Die völlig unnötige Mitteilung, meine Telefonnummer sei bei dem Tatopfer gefunden worden, stellt ferner eine Verletzung des Dienstgeheimnisses dar (§ 353 b StGB). Zwar wurde meine Telefonnummer tatsächlich nicht bei dem Opfer sondern bei einer „Seitensprungagentur“ aufgefunden, aber auch bei einem diesbezüglichen Irrtum des Beamten bleibt der Versuch strafbar (§ 353 b III StGB).

 

Im übrigen erregte das massive und überfallartige Vorgehen der Polizei gegen einen Nichtverdächtigten sowie der verursachte bedeutende Sachschaden in der Öffentlichkeit großes Aufsehen und starke Irritationen.
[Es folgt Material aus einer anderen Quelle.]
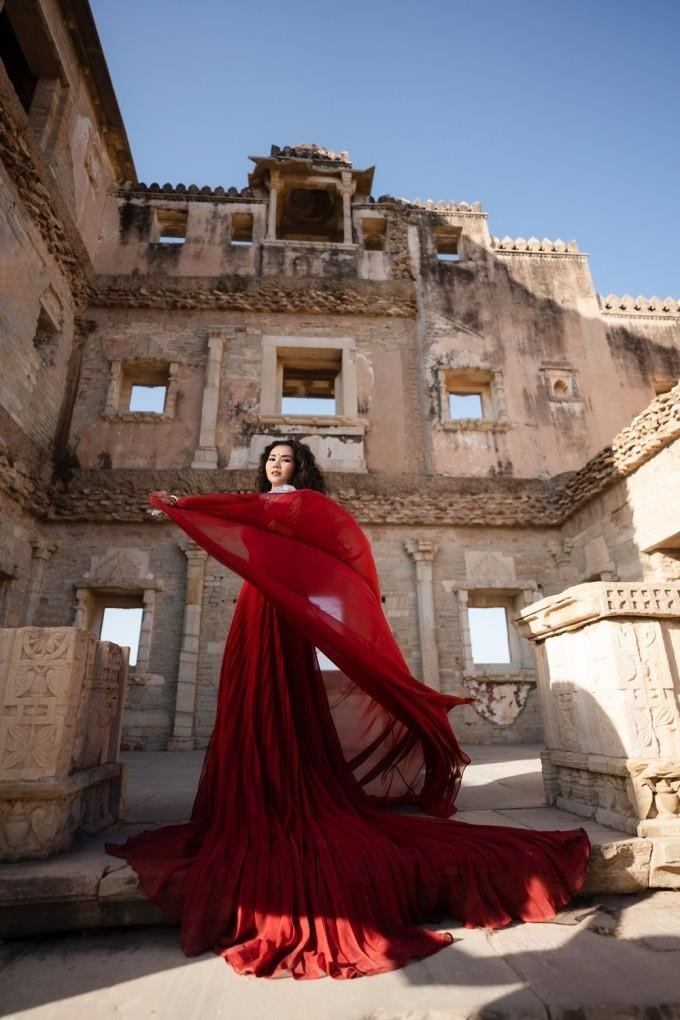 Võ Hạ Trâm chia sẻ lý do hát tiếng Hindi trong MV mới - 4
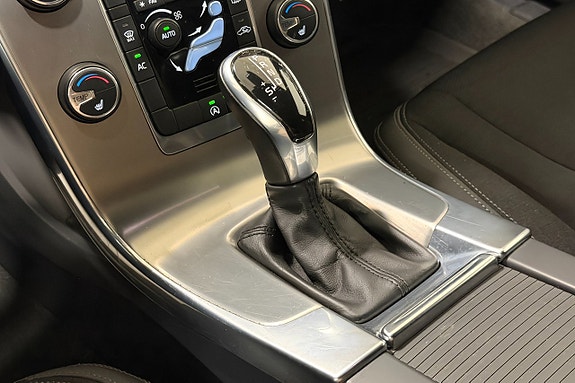 Volvo V60 14 of 26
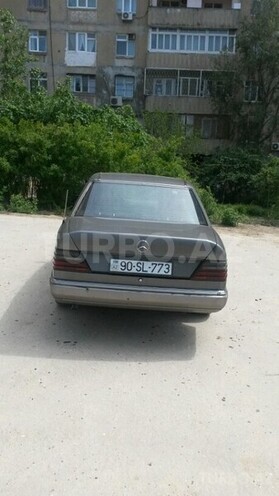 Mercedes E 200 1992, 430,000 km - 2.0 л - Bakı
Es hat das Vertrauen der Bevölkerung in die Polizei erheblich erschüttert, so daß ein öffentliches Interesse an der Strafverfolgung besteht.

 

 

Verfolgung Unschuldiger (§ 344 StGB)

 

Als Begründung für die Aktion äußerten Polizeibeamte gegenüber Nachbarn, ich sei „selbst schuld“, da ich „nicht gekommen“ sei (siehe Anlage Gesprächsnotiz Herr H.). Was mit dieser Aussage gemeint war, ist mir rätselhaft. Gemeint ist möglicherweise, ich sei trotz einer Vorladung nicht bei der Polizei erschienen. Dies ist jedoch unzutreffend, da ich einige Zeit zuvor beim Polizeipräsidium Mannheim freiwillig einer Vorladung nachgekommen war.

 

Angesichts dieser Äußerung sowie des massiven Vorgehens bei der Durchsuchung und dem Herumfragen in der Nachbarschaft, ist festzustellen, daß hier ungerechtfertigte Ermittlungen gegen einen Nichtverdächtigten ins Blaue hinein vorgenommen wurden, ohne daß hinreichende Verdachtsgründe vorlagen. Es ist in keinster Weise ersichtlich, wieso etwa aufgefundene Hinweise von Kontakten meinerseits zum Tatopfer bzw. der „Seitensprungagentur“ für das Auffinden eines nicht in meiner Person liegenden Täters hätten beitragen können. Durchsuchungen ins Blaue hinein, zumal bei einem Nichtverdächtigten, sind jedoch verfassungswidrig. Die ganze Aktion kann ganz offensichtlich nur so gesehen werden, daß sich die Durchsuchung zwar formal mangels hinreichender Verdachtsgründe gegen einen Nichtverdächtigten richtete, tatsächlich aber Beweismittel für meine Täterschaft gefunden werden sollten. In der Nachbarschaft erweckte das Vorgehen der Polizei den Eindruck einer „Strafaktion“.

 

Die strafrechtliche Verfolgung Unschuldiger, worunter jedes dienstliche Tätigwerden im Rahmen eines Strafverfahrens zu verstehen ist, ist nach § 344 StGB strafbar.

 

                                                                                        

Anmerkung:

Die Strafanzeige wurde von der Staatsanwaltschaft Frankenthal niedergeschlagen.